What is being asked
Copy the data verbatim and leave out every picture.

Available data
====================
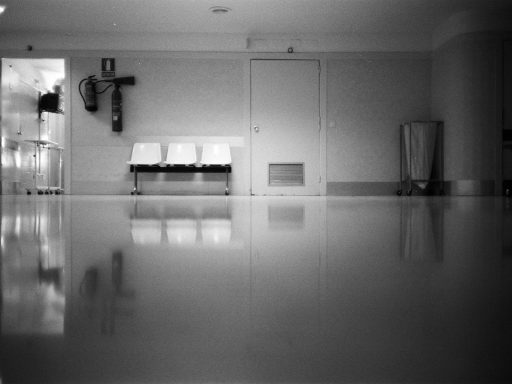 cakalnica waiting room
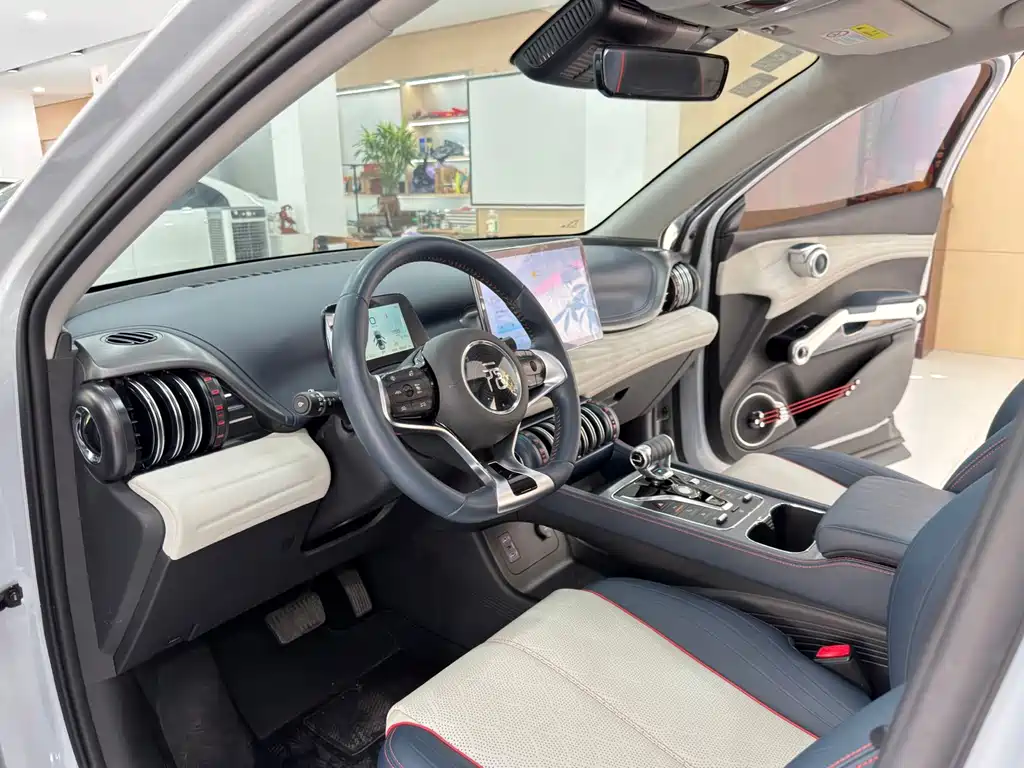 BYD Yuan Plus — миниатюра 4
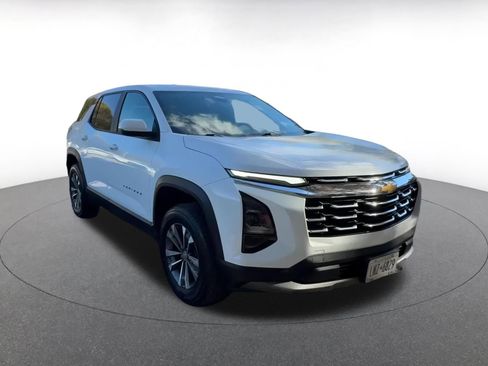 Used 2025 Chevrolet Equinox LT image 3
====================
Final answer
 cakalnica waiting room
 BYD Yuan Plus — миниатюра 4
 Used 2025 Chevrolet Equinox LT image 3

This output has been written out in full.